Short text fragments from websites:
-*-*-

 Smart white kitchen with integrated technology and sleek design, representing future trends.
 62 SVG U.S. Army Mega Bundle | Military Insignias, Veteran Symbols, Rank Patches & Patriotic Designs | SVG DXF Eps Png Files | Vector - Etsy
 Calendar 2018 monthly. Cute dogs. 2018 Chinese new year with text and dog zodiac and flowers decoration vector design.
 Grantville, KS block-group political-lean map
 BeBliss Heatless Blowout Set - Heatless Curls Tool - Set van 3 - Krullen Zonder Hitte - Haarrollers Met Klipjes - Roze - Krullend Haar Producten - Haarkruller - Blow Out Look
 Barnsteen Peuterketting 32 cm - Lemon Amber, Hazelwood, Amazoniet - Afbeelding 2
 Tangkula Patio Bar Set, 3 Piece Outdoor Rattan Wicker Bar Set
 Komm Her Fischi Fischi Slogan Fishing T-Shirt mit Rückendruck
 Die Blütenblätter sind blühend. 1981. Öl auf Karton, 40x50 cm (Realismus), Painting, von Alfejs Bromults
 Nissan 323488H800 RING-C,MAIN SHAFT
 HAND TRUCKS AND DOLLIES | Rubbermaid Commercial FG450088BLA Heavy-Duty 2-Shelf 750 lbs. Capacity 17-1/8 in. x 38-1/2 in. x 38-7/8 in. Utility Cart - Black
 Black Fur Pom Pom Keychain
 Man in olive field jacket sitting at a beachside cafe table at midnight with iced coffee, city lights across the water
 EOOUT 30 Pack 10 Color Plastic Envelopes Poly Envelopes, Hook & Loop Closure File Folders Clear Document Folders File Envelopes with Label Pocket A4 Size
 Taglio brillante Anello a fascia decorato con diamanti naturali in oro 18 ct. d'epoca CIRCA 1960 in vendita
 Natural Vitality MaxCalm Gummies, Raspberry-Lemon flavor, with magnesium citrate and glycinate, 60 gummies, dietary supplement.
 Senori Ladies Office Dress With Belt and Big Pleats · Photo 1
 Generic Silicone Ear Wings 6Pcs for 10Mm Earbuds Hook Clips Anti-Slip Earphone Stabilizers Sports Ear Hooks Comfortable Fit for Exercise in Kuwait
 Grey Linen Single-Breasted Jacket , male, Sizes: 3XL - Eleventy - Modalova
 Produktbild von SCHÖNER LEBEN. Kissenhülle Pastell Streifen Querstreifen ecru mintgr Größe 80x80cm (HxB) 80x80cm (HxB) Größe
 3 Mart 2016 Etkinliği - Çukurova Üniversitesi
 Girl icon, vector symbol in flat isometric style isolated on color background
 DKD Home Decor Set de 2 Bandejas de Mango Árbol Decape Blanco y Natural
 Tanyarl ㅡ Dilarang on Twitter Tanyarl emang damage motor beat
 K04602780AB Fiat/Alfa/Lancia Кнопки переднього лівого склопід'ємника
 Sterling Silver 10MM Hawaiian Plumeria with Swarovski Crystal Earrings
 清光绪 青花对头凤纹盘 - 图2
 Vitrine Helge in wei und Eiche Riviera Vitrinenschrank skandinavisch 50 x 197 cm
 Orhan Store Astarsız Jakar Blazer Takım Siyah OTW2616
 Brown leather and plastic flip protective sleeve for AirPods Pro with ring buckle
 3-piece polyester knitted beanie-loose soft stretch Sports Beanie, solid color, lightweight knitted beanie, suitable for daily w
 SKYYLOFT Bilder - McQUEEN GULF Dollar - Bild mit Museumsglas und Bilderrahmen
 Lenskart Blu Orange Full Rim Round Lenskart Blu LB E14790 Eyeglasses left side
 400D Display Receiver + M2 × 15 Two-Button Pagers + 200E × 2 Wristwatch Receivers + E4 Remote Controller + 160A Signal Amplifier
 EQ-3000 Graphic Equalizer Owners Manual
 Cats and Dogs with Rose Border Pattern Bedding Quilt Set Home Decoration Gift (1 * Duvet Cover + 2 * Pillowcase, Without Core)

-*-*-

**Prompt:** From the records above, copy only the lines starting with the line that holds "Die Blütenblätter sind" and going on through the line that holds "EOOUT 30 Pack", exactly as written.

**Answer for this exercise:**
 Die Blütenblätter sind blühend. 1981. Öl auf Karton, 40x50 cm (Realismus), Painting, von Alfejs Bromults
 Nissan 323488H800 RING-C,MAIN SHAFT
 HAND TRUCKS AND DOLLIES | Rubbermaid Commercial FG450088BLA Heavy-Duty 2-Shelf 750 lbs. Capacity 17-1/8 in. x 38-1/2 in. x 38-7/8 in. Utility Cart - Black
 Black Fur Pom Pom Keychain
 Man in olive field jacket sitting at a beachside cafe table at midnight with iced coffee, city lights across the water
 EOOUT 30 Pack 10 Color Plastic Envelopes Poly Envelopes, Hook & Loop Closure File Folders Clear Document Folders File Envelopes with Label Pocket A4 Size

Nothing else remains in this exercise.